• **Required action**: Copy nothing but the lines below, from the one with "ساعت مچی زنانه" through the one with "Falcon TShirtSlate Grey", exactly as written; no pictures should appear.

---- Data for the task

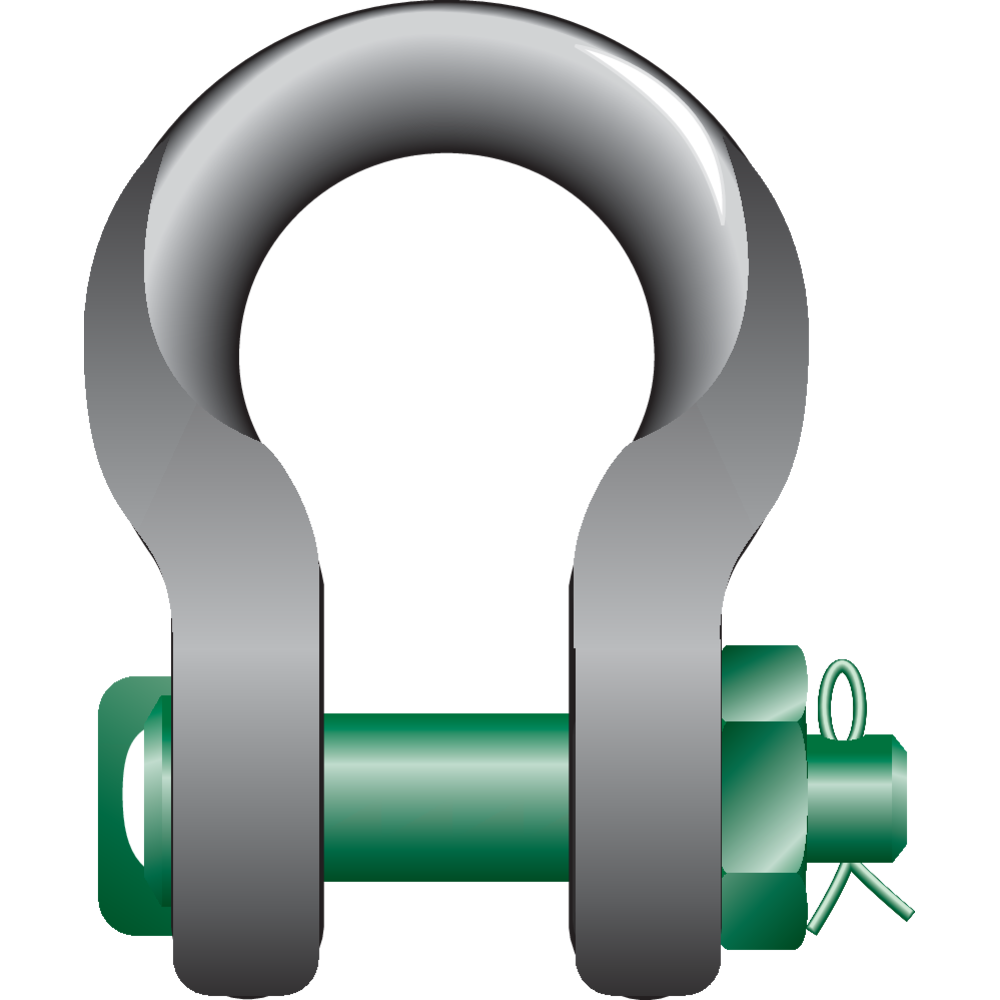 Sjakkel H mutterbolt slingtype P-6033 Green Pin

--------
---- Data for the task

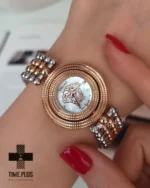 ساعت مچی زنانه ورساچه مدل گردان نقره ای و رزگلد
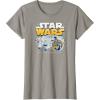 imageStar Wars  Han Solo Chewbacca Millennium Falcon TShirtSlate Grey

--------

• **Answer section**:
 ساعت مچی زنانه ورساچه مدل گردان نقره ای و رزگلد
 imageStar Wars  Han Solo Chewbacca Millennium Falcon TShirtSlate Grey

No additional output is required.